For some peculiar reason, and let’s just call it the spirit of 2020, I am really enjoying watching rich people suffer, on TV at least. It is an increasingly popular and extravagant genre, its property porn leanings masking serious sadism when it comes to inflicting trauma on the ineffably wealthy. You came for the coastal vistas, you stayed to see these people’s lives fall apart in murder, betrayal and those gigantic glasses of wine that moneyed women glug to show they may be beautiful, but they have problems too.
The Undoing was inescapable television, the Bodyguard of 2020, watercooler drama in a year without the watercooler. It starred Hugh Grant and Nicole Kidman, both now titans of Good Telly, and sailed to a climax last week, finally revealing whodunnit after weeks of teasing. I am about to discuss whodunnit, so if you are behind, please don’t read on. But the revelation that it was the most obvious culprit seems to have infuriated a surprising number of viewers, who felt misled by the fact that it could have snipped out episodes two to five and essentially taken us to the same place.
In my house, it was the second time the phrase “It’s not supposed to be a documentary” was uttered in recent viewing history, by me, huffily, after The Crown elicited a similarly unimpressed response. (Incidentally, last week George Clooney revealed that he had never once argued with his wife, Amal, which made me think they had not tried to watch The Undoing finale together.) Yes, it was implausible and over the top, but to paraphrase that great philosopher Russell Crowe, were you not entertained? We are so used to being led up the garden path then blindsided by a reveal involving someone who had been nowhere near the garden in the first place, that to have a thriller deliver what it suggested it would at the start was, in a way, a plot twist of its own.
If viewers were surprised that the lying, manipulative, cheating narcissist was capable of lying, manipulating and cheating his way back into his wife’s affections, having thwacked his lover on the head repeatedly with a hammer – and my one complaint was that I am not sure I needed to see that in all of its gory detail – then it seems like we were manipulated, too, and that is a job well done.
Besides, every week, the opening credits contained the words “Based on the novel You Should Have Known by Jean Hanff Korelitz”. That is next-level trolling, hiding in plain sight all along.
Drake: love the album, buy the aroma
Pop star merchandise is getting more and more avant garde – with no concerts at which to sell T-shirts, I suppose being creative is the order of the day – but the great diva biscuit trend was an unexpected curveball.
Mariah Carey’s Mariah’s Cookies are coming to the US soon, while Lady Gaga has revealed a line of pink and green Oreos, themed around her Chromatica album.
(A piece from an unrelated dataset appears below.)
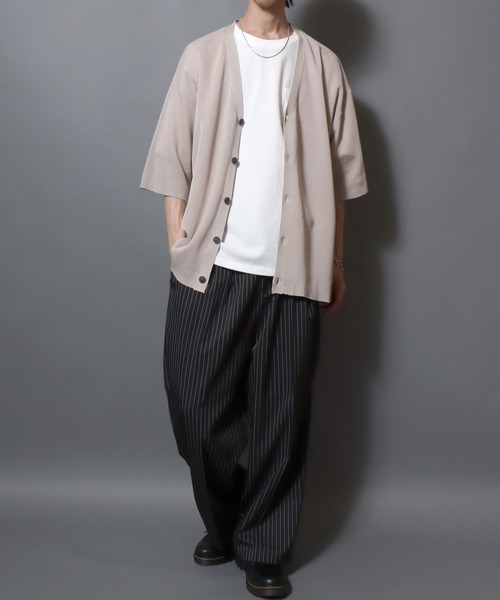 ANPAS(アンパス)の「Cooling Half-Sleeve Knit Cardigan (Solid/Check Pattern) / 接触冷感 ムジ&チェック 五分袖 ニットVカーデ メンズ サマーカーディガン シンプル 5分袖 半袖 ビッグシルエット オーバーサイズ(カーディガン/ボレロ・メンズ・グレイッシュベージュ/ブラック/サックスブルー/ブラック系その他/グレー系その他/ベージュ系その他/ブルー系その他・M/L)」の20枚目の写真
Drake, however, has gone for the traditional candle route, joining Gwyneth Paltrow in the borderline 70s feminist performance art-esque business of candles that are supposed to smell like the celebrity who has put their name to them.
While Paltrow went ultra-specific with This Candle Smells Like My Vagina and This Candle Smells Like My Orgasm, Drake has launched a line of five candles, with names such as Sweeter Tings, Williamsburg Sleepover and my favourite, Carby Musk. This apparently smells like musk, amber, cashmere, suede and velvet, “like Drake himself”.
It is, I believe, named after the perfumier Michael Carby, rather than any Friday night chippie aroma that it may also conjure up, though surely it is only a matter of time before someone makes a scented candle out of that.
Maggie O’Farrell: her plague diary helped us to escape this one
Maggie O’Farrell’s beautiful and unforgettable novel Hamnet has been declared Waterstones’ book of the year, an award voted for by the chain’s booksellers; it also won this year’s Women’s prize back in September and rightly so. It already has the sense of a classic about it. “2020 has been a strange and challenging year for all of us: what better time to listen to the narratives of others and lose ourselves in a book,” said O’Farrell after her latest win.
I know people who have turned to reading this year with newly insatiable appetites for stories and fiction, just as I know people who have been unable to concentrate on books at all. Both are understandable responses to this strange and challenging year. Mostly, I found myself in the former category, hoovering up novels at a surprising rate.
Hamnet is set in the 16th century and is about Shakespeare’s son, who contracts the plague during a pandemic, so while it does provide escapism, its fear of contagion and moments of quarantine also make it oddly timely. I read it over the summer, just as I moved to Stratford-upon-Avon, where much of it takes place. I have spent the last few months walking past Anne Hathaway’s cottage and Shakespeare’s birthplace and to parts of the town that once were the villages that O’Farrell has her characters walk through in the book.
Present-day Stratford emerged from the lockdown into tier 3 restrictions, having been in tier 1 a month ago. There is not much else to do but walk around landmarks, losing oneself in the stories.